▶ [Records provided]
------------------------------------------------------------
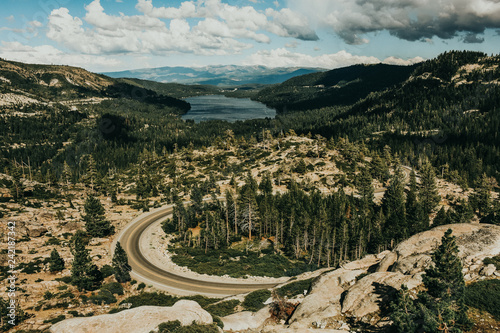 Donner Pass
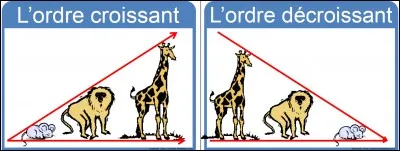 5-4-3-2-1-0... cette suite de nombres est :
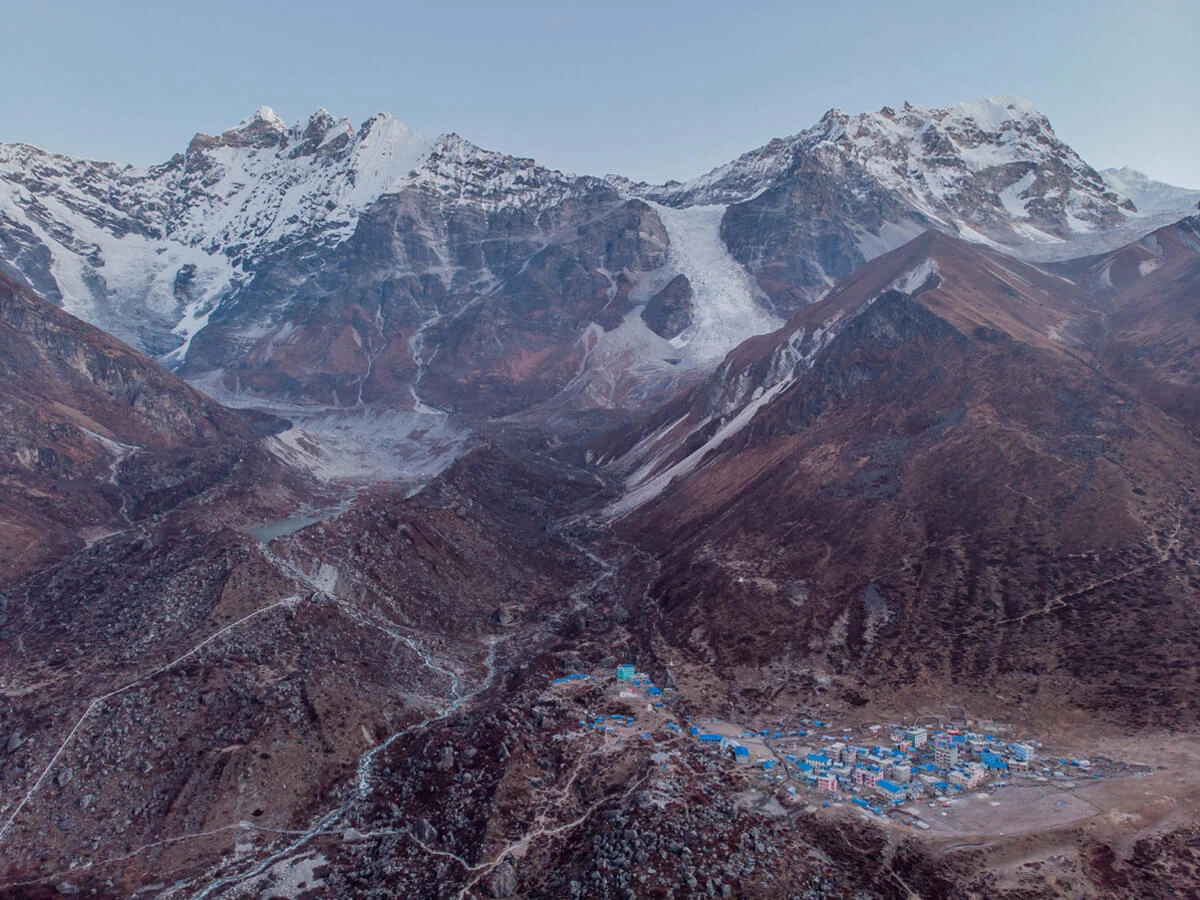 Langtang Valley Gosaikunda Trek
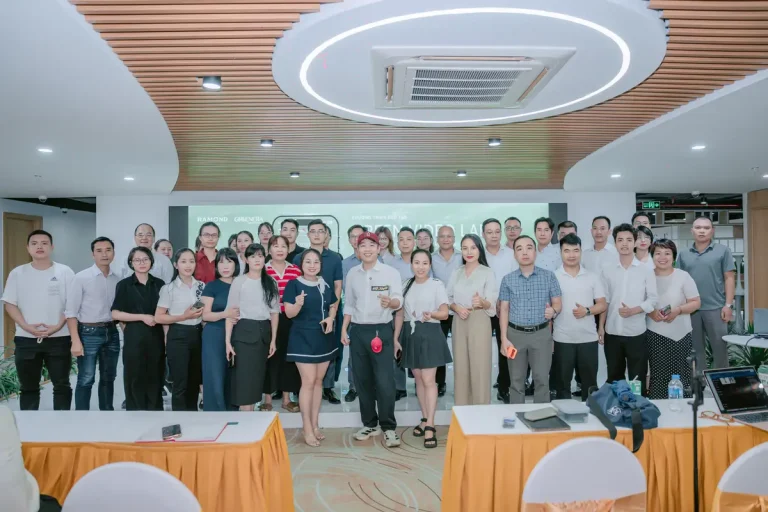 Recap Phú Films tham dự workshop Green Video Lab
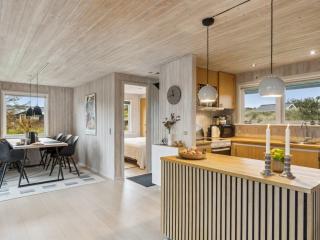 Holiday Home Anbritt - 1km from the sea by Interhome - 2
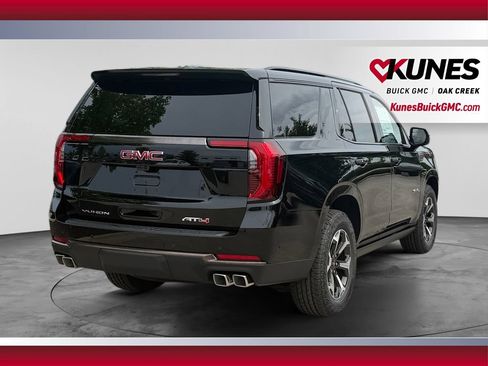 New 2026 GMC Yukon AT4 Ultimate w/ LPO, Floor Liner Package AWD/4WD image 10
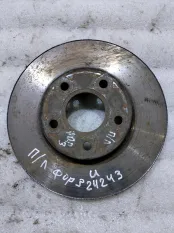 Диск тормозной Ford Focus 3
------------------------------------------------------------
▶ [Prompt] All that is needed is the data above, repeated exactly, without the pictures.

▶ [Answer area]
 Donner Pass
 5-4-3-2-1-0... cette suite de nombres est :
 Langtang Valley Gosaikunda Trek
 Recap Phú Films tham dự workshop Green Video Lab
 Holiday Home Anbritt - 1km from the sea by Interhome - 2
 New 2026 GMC Yukon AT4 Ultimate w/ LPO, Floor Liner Package AWD/4WD image 10
 Диск тормозной Ford Focus 3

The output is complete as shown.